ACTIVITY: Transcribe every record exactly as it appears.

[Items from a data source]

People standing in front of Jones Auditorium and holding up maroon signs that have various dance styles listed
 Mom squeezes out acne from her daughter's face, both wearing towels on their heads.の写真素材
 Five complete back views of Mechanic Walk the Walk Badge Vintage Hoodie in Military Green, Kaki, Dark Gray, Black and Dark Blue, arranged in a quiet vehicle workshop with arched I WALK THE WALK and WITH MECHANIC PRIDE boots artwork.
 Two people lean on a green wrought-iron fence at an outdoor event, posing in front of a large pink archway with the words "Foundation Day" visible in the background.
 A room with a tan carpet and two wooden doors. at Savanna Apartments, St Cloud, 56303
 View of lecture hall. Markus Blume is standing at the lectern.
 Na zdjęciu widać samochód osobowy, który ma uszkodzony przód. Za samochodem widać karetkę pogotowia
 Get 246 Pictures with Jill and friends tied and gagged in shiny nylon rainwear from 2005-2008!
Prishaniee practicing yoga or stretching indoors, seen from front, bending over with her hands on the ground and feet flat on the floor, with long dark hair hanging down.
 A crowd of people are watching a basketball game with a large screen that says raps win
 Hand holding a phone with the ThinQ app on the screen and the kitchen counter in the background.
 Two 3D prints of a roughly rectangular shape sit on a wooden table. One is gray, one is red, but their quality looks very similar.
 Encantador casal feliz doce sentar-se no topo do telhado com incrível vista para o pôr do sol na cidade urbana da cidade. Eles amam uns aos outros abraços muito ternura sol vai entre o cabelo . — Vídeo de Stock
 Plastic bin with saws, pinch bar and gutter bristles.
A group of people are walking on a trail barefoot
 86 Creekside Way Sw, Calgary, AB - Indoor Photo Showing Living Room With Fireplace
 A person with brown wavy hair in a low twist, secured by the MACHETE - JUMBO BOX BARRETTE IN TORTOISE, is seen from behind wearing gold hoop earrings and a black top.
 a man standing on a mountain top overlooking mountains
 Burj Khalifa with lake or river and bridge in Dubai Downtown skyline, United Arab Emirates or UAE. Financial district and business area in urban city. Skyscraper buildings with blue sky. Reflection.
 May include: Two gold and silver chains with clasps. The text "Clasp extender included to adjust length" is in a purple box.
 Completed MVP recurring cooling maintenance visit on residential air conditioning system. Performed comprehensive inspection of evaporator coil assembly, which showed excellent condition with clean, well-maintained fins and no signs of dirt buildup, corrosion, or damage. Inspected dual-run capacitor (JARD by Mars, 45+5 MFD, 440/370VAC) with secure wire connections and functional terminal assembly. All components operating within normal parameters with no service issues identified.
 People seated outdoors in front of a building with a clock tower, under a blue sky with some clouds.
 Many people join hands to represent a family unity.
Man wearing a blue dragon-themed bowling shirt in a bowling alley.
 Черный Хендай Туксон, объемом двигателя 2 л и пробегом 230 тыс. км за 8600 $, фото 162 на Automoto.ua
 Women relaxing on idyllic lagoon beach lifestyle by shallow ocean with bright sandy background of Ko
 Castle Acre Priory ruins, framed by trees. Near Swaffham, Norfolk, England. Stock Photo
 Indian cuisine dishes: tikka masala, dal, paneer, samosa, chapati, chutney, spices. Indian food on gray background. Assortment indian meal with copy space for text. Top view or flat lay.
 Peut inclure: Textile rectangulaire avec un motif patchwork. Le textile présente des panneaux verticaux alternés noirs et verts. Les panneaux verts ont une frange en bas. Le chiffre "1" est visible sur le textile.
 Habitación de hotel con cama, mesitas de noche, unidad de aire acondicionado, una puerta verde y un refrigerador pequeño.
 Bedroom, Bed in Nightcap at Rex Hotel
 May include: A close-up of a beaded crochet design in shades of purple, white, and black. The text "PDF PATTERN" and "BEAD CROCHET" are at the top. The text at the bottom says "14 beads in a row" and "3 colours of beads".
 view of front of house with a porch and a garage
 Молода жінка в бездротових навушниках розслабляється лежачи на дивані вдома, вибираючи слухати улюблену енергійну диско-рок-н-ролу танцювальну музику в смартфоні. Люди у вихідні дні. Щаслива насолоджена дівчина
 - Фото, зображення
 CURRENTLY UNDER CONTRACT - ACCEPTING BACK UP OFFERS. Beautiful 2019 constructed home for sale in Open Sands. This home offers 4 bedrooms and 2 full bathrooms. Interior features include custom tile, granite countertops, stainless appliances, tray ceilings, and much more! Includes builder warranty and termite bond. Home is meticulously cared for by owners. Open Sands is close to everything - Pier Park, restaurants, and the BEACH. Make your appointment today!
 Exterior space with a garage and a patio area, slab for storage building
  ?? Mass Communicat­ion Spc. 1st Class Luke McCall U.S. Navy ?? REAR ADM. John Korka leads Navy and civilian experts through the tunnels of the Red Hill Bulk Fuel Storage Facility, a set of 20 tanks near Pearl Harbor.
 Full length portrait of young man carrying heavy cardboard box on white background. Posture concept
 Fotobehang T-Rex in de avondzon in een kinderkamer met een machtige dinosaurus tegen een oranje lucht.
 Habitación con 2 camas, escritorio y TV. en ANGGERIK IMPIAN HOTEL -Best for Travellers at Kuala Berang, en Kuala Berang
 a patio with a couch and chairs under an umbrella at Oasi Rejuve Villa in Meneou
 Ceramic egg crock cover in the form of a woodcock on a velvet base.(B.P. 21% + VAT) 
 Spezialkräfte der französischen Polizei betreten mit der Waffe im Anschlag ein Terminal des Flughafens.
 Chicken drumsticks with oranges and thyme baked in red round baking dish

SOLUTION TO THE PROBLEM:
People standing in front of Jones Auditorium and holding up maroon signs that have various dance styles listed
 Mom squeezes out acne from her daughter's face, both wearing towels on their heads.の写真素材
 Five complete back views of Mechanic Walk the Walk Badge Vintage Hoodie in Military Green, Kaki, Dark Gray, Black and Dark Blue, arranged in a quiet vehicle workshop with arched I WALK THE WALK and WITH MECHANIC PRIDE boots artwork.
 Two people lean on a green wrought-iron fence at an outdoor event, posing in front of a large pink archway with the words "Foundation Day" visible in the background.
 A room with a tan carpet and two wooden doors. at Savanna Apartments, St Cloud, 56303
 View of lecture hall. Markus Blume is standing at the lectern.
 Na zdjęciu widać samochód osobowy, który ma uszkodzony przód. Za samochodem widać karetkę pogotowia
 Get 246 Pictures with Jill and friends tied and gagged in shiny nylon rainwear from 2005-2008!
Prishaniee practicing yoga or stretching indoors, seen from front, bending over with her hands on the ground and feet flat on the floor, with long dark hair hanging down.
 A crowd of people are watching a basketball game with a large screen that says raps win
 Hand holding a phone with the ThinQ app on the screen and the kitchen counter in the background.
 Two 3D prints of a roughly rectangular shape sit on a wooden table. One is gray, one is red, but their quality looks very similar.
 Encantador casal feliz doce sentar-se no topo do telhado com incrível vista para o pôr do sol na cidade urbana da cidade. Eles amam uns aos outros abraços muito ternura sol vai entre o cabelo . — Vídeo de Stock
 Plastic bin with saws, pinch bar and gutter bristles.
A group of people are walking on a trail barefoot
 86 Creekside Way Sw, Calgary, AB - Indoor Photo Showing Living Room With Fireplace
 A person with brown wavy hair in a low twist, secured by the MACHETE - JUMBO BOX BARRETTE IN TORTOISE, is seen from behind wearing gold hoop earrings and a black top.
 a man standing on a mountain top overlooking mountains
 Burj Khalifa with lake or river and bridge in Dubai Downtown skyline, United Arab Emirates or UAE. Financial district and business area in urban city. Skyscraper buildings with blue sky. Reflection.
 May include: Two gold and silver chains with clasps. The text "Clasp extender included to adjust length" is in a purple box.
 Completed MVP recurring cooling maintenance visit on residential air conditioning system. Performed comprehensive inspection of evaporator coil assembly, which showed excellent condition with clean, well-maintained fins and no signs of dirt buildup, corrosion, or damage. Inspected dual-run capacitor (JARD by Mars, 45+5 MFD, 440/370VAC) with secure wire connections and functional terminal assembly. All components operating within normal parameters with no service issues identified.
 People seated outdoors in front of a building with a clock tower, under a blue sky with some clouds.
 Many people join hands to represent a family unity.
Man wearing a blue dragon-themed bowling shirt in a bowling alley.
 Черный Хендай Туксон, объемом двигателя 2 л и пробегом 230 тыс. км за 8600 $, фото 162 на Automoto.ua
 Women relaxing on idyllic lagoon beach lifestyle by shallow ocean with bright sandy background of Ko
 Castle Acre Priory ruins, framed by trees. Near Swaffham, Norfolk, England. Stock Photo
 Indian cuisine dishes: tikka masala, dal, paneer, samosa, chapati, chutney, spices. Indian food on gray background. Assortment indian meal with copy space for text. Top view or flat lay.
 Peut inclure: Textile rectangulaire avec un motif patchwork. Le textile présente des panneaux verticaux alternés noirs et verts. Les panneaux verts ont une frange en bas. Le chiffre "1" est visible sur le textile.
 Habitación de hotel con cama, mesitas de noche, unidad de aire acondicionado, una puerta verde y un refrigerador pequeño.
 Bedroom, Bed in Nightcap at Rex Hotel
 May include: A close-up of a beaded crochet design in shades of purple, white, and black. The text "PDF PATTERN" and "BEAD CROCHET" are at the top. The text at the bottom says "14 beads in a row" and "3 colours of beads".
 view of front of house with a porch and a garage
 Молода жінка в бездротових навушниках розслабляється лежачи на дивані вдома, вибираючи слухати улюблену енергійну диско-рок-н-ролу танцювальну музику в смартфоні. Люди у вихідні дні. Щаслива насолоджена дівчина
 - Фото, зображення
 CURRENTLY UNDER CONTRACT - ACCEPTING BACK UP OFFERS. Beautiful 2019 constructed home for sale in Open Sands. This home offers 4 bedrooms and 2 full bathrooms. Interior features include custom tile, granite countertops, stainless appliances, tray ceilings, and much more! Includes builder warranty and termite bond. Home is meticulously cared for by owners. Open Sands is close to everything - Pier Park, restaurants, and the BEACH. Make your appointment today!
 Exterior space with a garage and a patio area, slab for storage building
  ?? Mass Communicat­ion Spc. 1st Class Luke McCall U.S. Navy ?? REAR ADM. John Korka leads Navy and civilian experts through the tunnels of the Red Hill Bulk Fuel Storage Facility, a set of 20 tanks near Pearl Harbor.
 Full length portrait of young man carrying heavy cardboard box on white background. Posture concept
 Fotobehang T-Rex in de avondzon in een kinderkamer met een machtige dinosaurus tegen een oranje lucht.
 Habitación con 2 camas, escritorio y TV. en ANGGERIK IMPIAN HOTEL -Best for Travellers at Kuala Berang, en Kuala Berang
 a patio with a couch and chairs under an umbrella at Oasi Rejuve Villa in Meneou
 Ceramic egg crock cover in the form of a woodcock on a velvet base.(B.P. 21% + VAT) 
 Spezialkräfte der französischen Polizei betreten mit der Waffe im Anschlag ein Terminal des Flughafens.
 Chicken drumsticks with oranges and thyme baked in red round baking dish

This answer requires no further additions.